Critics have not been kind to scrumptious. In 1921, H L Mencken described it as an “artificial word”, lumping it with sockdolager, hunky-dory, spondulix, slumgullion and similar creations of American linguistic ingenuity. In his Dictionary of Modern English Usage in 1926, H W Fowler classed it as a “facetious formation”.
Many dictionaries just say “origin unknown” or “origin uncertain”, not wanting to engage in complicated but ultimately unsatisfying discussions about etymology. This writer has no such qualms.

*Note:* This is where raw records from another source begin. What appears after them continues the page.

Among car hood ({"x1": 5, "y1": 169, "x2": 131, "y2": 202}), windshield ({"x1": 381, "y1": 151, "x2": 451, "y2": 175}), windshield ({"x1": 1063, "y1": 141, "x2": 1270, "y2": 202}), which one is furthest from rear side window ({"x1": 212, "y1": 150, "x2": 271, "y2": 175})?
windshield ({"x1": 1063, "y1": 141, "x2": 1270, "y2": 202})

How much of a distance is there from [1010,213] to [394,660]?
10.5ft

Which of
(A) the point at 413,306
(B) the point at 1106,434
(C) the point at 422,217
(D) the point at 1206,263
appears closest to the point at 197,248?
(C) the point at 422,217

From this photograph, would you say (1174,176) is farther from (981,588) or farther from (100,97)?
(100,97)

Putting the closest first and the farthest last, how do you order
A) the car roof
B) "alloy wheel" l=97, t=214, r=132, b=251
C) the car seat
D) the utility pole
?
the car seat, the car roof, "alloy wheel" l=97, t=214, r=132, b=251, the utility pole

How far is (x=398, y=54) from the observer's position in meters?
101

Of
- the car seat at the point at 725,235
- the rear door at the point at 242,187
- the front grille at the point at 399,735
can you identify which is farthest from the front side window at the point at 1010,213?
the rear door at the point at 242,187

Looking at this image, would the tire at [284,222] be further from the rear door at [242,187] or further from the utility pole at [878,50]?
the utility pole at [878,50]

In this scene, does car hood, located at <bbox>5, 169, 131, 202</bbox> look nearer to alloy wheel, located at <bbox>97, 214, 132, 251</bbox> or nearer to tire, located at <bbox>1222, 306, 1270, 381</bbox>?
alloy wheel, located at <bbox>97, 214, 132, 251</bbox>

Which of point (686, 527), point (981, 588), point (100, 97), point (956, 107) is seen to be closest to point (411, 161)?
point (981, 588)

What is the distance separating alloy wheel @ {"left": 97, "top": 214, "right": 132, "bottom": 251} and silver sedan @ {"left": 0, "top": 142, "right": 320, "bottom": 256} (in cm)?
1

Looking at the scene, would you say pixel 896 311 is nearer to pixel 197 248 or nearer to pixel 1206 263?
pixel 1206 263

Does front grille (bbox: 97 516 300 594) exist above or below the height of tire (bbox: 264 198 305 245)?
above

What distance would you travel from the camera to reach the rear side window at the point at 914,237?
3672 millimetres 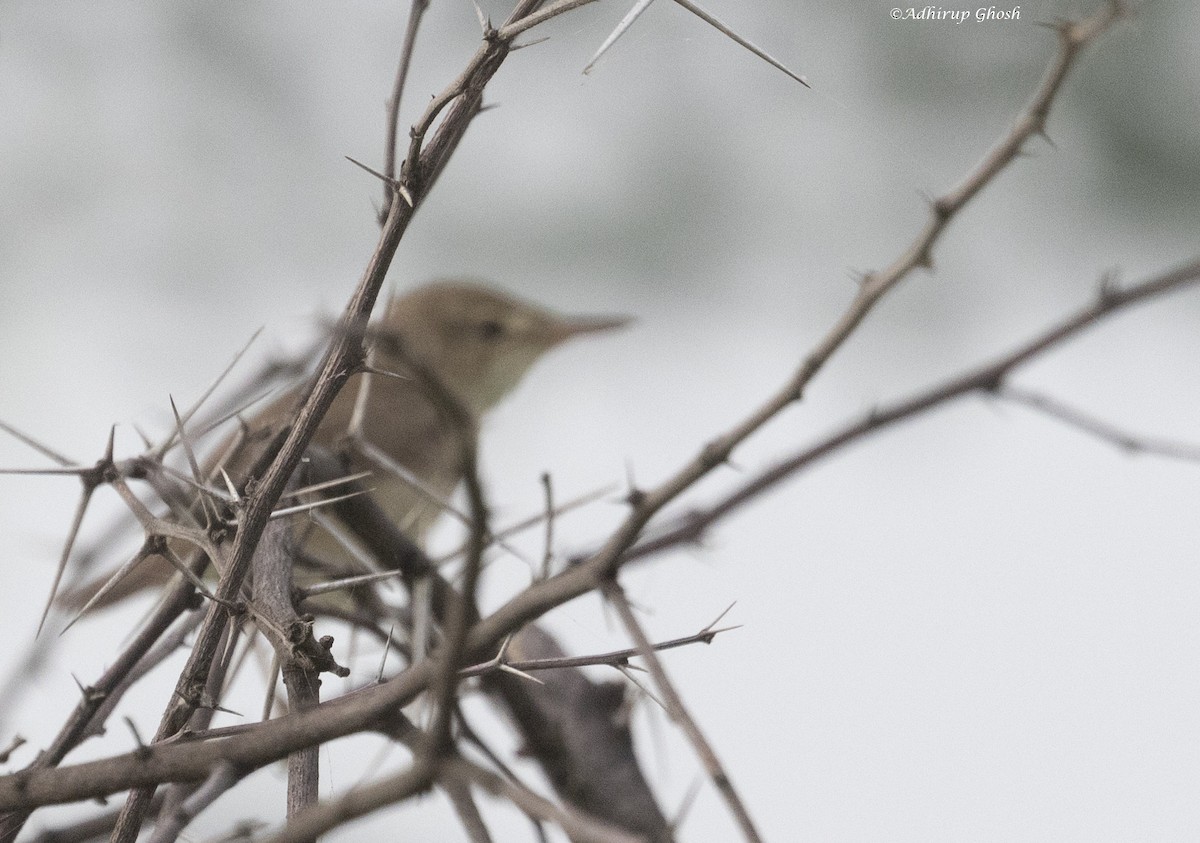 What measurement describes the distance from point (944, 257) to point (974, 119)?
1.87ft

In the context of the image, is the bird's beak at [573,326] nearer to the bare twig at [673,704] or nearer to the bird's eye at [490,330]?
the bird's eye at [490,330]

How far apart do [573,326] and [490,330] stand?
193mm

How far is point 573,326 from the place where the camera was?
2.82m

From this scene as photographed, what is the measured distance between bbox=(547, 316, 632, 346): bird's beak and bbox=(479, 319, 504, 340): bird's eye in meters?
0.12

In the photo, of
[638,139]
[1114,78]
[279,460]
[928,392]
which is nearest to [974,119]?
[1114,78]

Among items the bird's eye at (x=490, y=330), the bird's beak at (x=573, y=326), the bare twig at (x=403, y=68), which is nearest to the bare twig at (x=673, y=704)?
the bare twig at (x=403, y=68)

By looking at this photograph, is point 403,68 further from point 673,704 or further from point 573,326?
point 573,326

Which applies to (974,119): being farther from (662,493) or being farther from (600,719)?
(662,493)

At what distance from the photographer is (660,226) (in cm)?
426

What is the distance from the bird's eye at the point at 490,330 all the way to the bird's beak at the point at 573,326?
4.5 inches

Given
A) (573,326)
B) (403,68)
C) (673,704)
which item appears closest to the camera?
(673,704)

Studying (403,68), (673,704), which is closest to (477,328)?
(403,68)

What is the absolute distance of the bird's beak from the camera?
9.04ft

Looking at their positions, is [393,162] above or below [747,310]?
below
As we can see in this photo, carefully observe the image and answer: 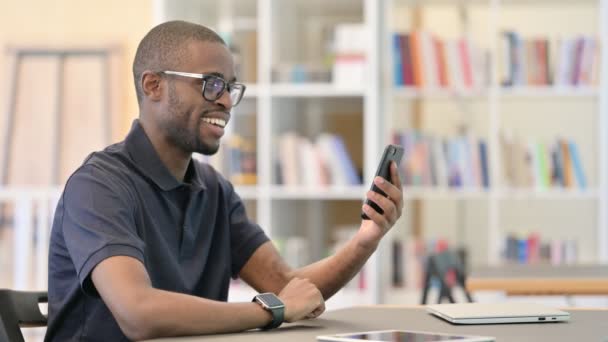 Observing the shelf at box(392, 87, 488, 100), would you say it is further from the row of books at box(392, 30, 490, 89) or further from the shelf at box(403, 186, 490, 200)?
the shelf at box(403, 186, 490, 200)

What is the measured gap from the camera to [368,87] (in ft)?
14.4

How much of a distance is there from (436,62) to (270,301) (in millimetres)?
2913

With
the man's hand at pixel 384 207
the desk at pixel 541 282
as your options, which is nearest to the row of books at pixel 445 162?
the desk at pixel 541 282

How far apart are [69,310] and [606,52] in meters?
3.10

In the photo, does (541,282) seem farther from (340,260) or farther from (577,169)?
(577,169)

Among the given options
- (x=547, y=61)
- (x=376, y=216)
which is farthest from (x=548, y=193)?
(x=376, y=216)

It’s certainly American in origin, dating from about the 1830s, at a time when so many other splendiferous terms were emerging from the melting pot of cultural assimilation. But when it first appeared it had a different meaning:
I won’t trouble you to ride far to find me; — and then it may be broad sword, or pistol, rifle or bagnet — I’m not over-scrumptious which.
[Horse Shoe Robinson, by John Pendleton Kennedy, 1835. Bagnet is an old term for a bayonet.]
Here it clearly means scrupulous. In another early example, from Thomas Chandler Haliburton’s The Clockmaker of 1836, it’s a vague term of praise: “A little tidy scrumptious looking slay” (we would now write the last word as sleigh). In 1846, Sylvester Judd put it in his novel Margaret to mean fastidious (“I don’t mean to be scrumptious about it, Judge; but I do want to be a man, if I am a Breakneck, and haven’t so much eddecation as the rest”). It could also have about it the idea of a stylish or handsome person. Our current sense evolved around the middle of the century.
Some current dictionaries start from the modern meaning to argue that it’s from sumptuous, which doesn’t fit the earlier senses. Various English dialects have had words of the same spelling, though there’s no way of knowing whether any of them contributed to the US senses. The English Dialect Dictionary records it as Suffolk dialect for a miserly, stingy or close-fisted person; the Century Dictionary of 1889 and the Oxford English Dictionary suggest that derives from dialect scrimptious, based on scrimp, be thrifty, as in the exhortation to scrimp and save. How this evolved into any of the recorded senses is unclear. A writer to Notes and Queries in 1870 said it was Essex dialect meaning charming or delightful, quoting a fond lover to his lass: “Oh you scrumptious little duck!” That neatly matches one modern meaning but not the early ones.
Perhaps “origin unknown” isn’t such a bad summary after all.